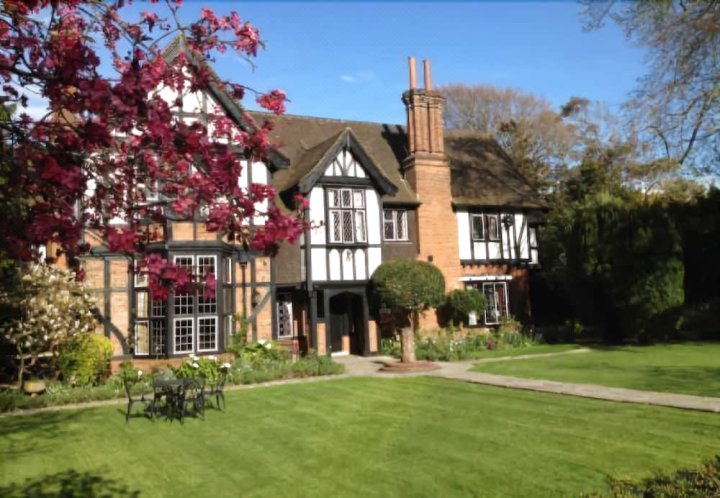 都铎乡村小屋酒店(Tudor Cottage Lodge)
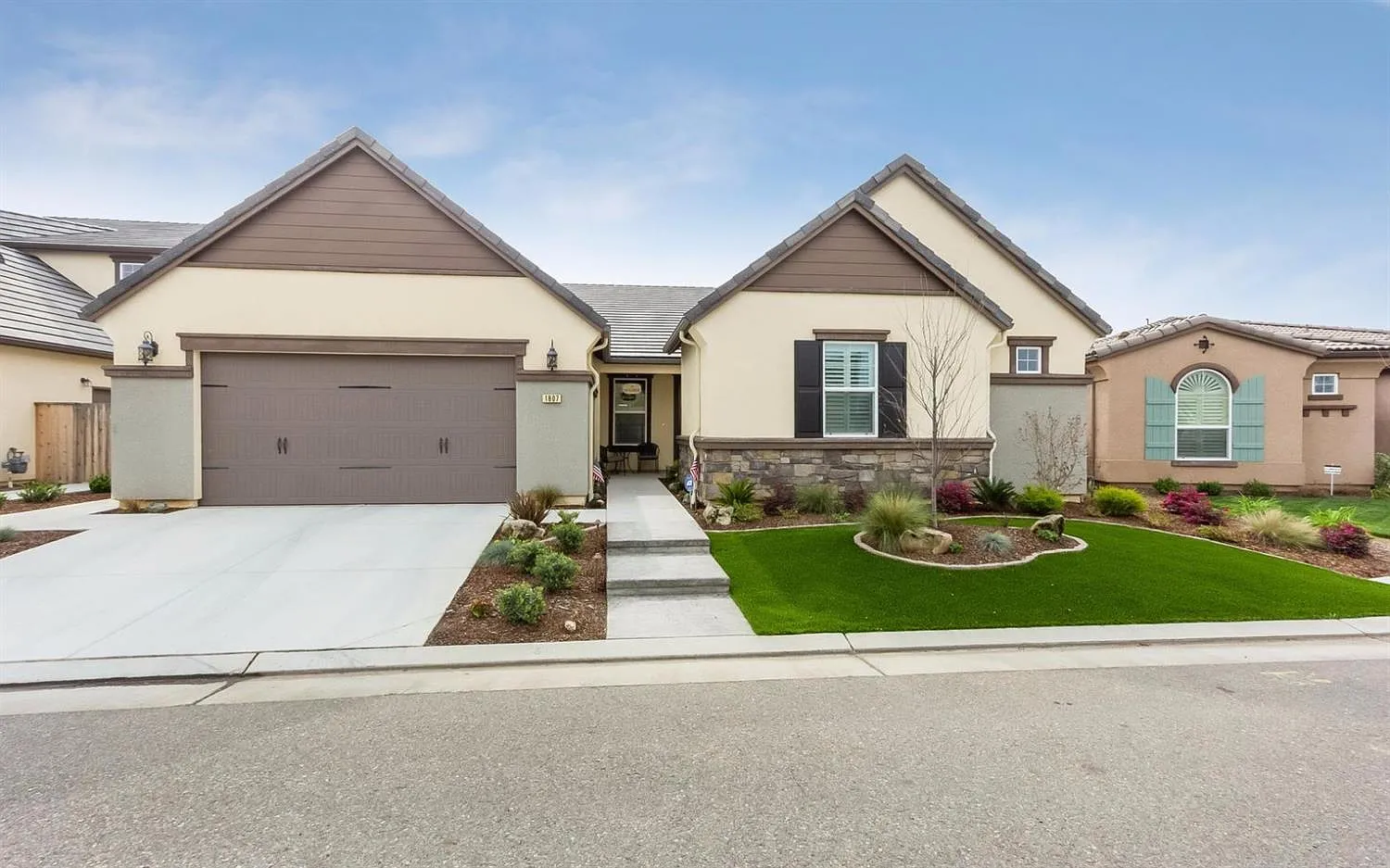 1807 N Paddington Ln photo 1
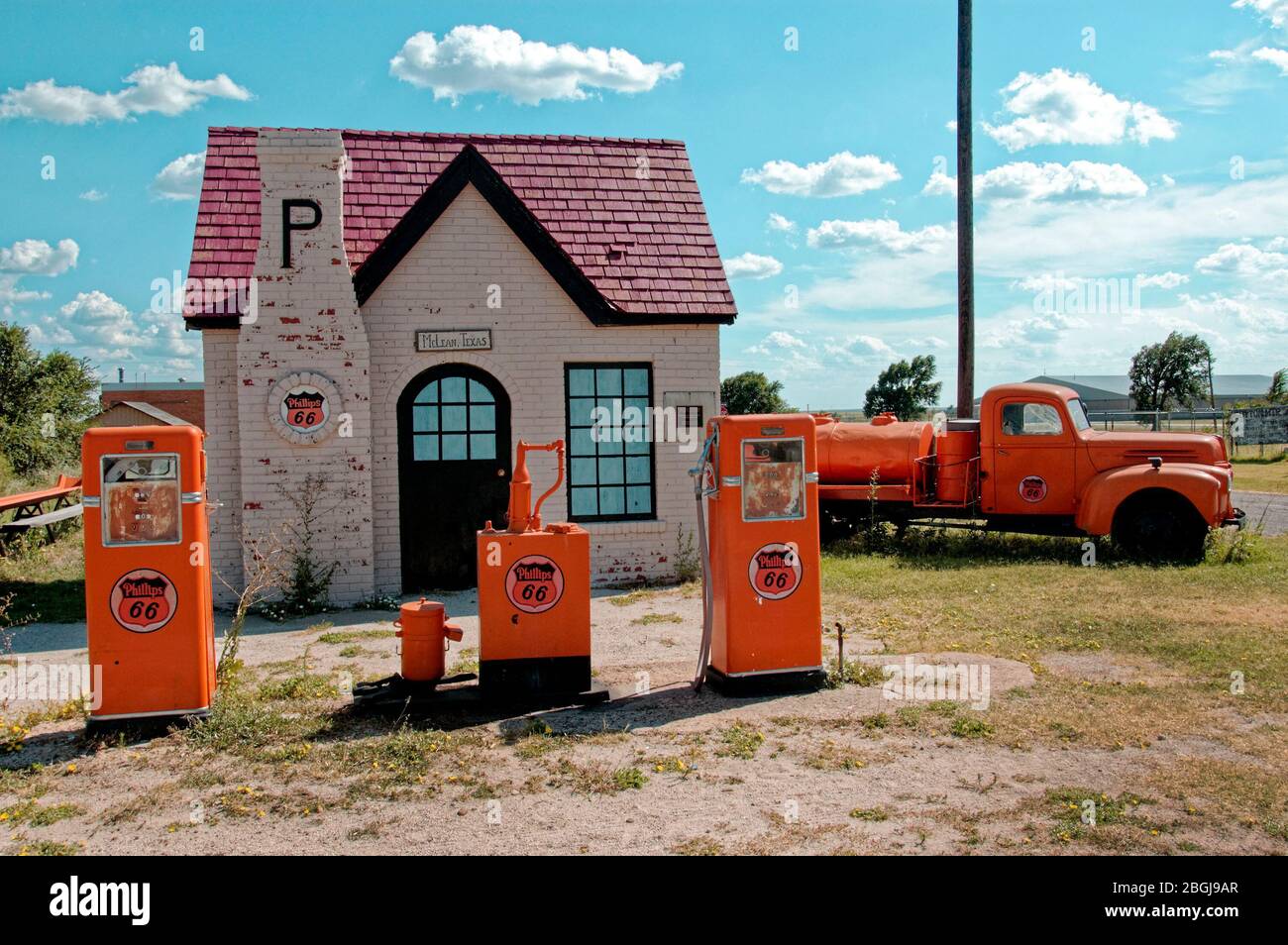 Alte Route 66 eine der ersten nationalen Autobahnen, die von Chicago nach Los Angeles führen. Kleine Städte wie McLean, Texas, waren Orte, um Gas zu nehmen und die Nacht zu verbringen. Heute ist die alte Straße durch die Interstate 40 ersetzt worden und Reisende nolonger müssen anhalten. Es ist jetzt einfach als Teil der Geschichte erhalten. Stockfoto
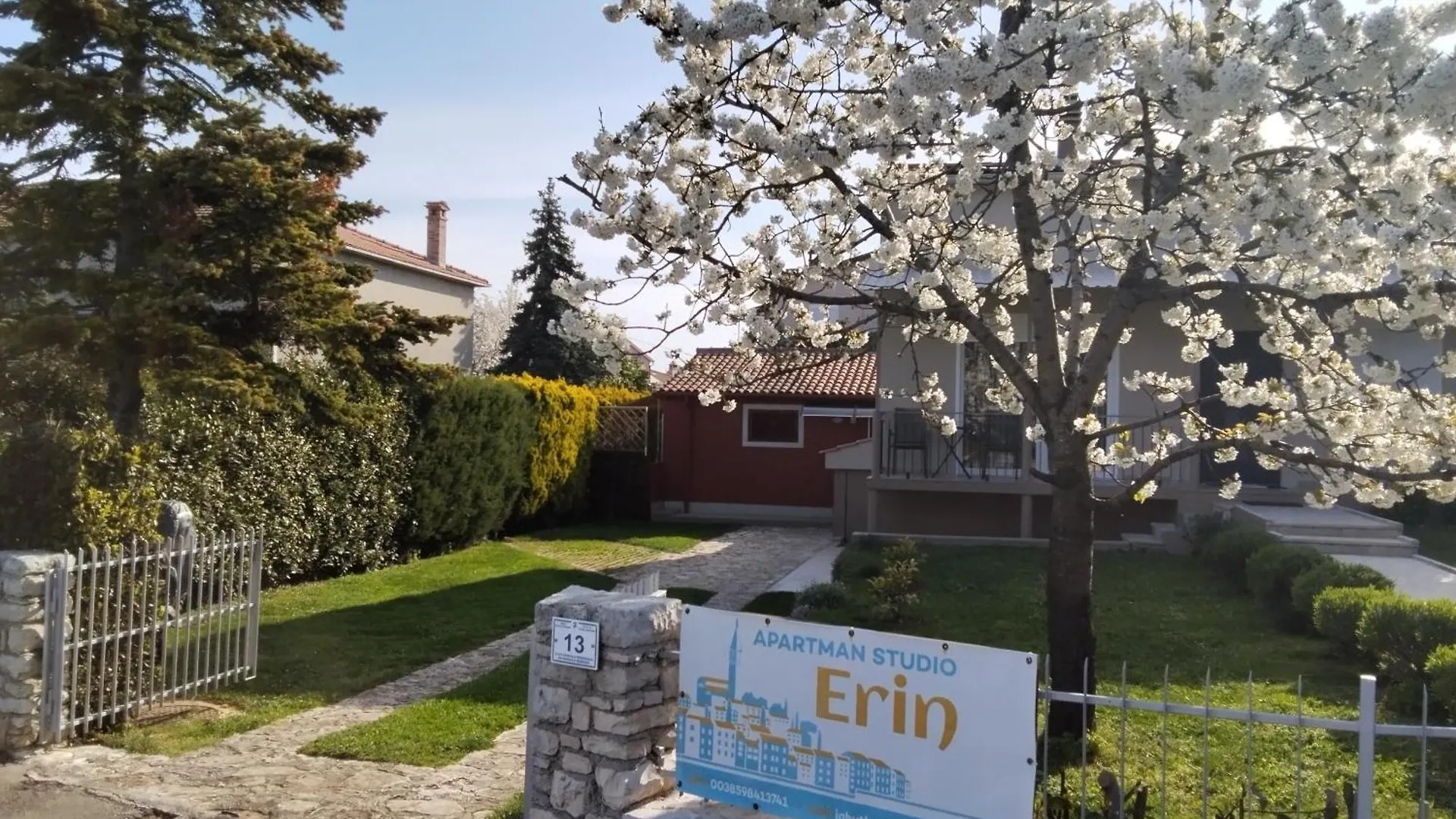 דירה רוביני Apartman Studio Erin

__TASK TO COMPLETE__
Exact repetition of the material above is required, with the images removed.

__WRITTEN ANSWER__
 都铎乡村小屋酒店(Tudor Cottage Lodge)
 1807 N Paddington Ln photo 1
 Alte Route 66 eine der ersten nationalen Autobahnen, die von Chicago nach Los Angeles führen. Kleine Städte wie McLean, Texas, waren Orte, um Gas zu nehmen und die Nacht zu verbringen. Heute ist die alte Straße durch die Interstate 40 ersetzt worden und Reisende nolonger müssen anhalten. Es ist jetzt einfach als Teil der Geschichte erhalten. Stockfoto
 דירה רוביני Apartman Studio Erin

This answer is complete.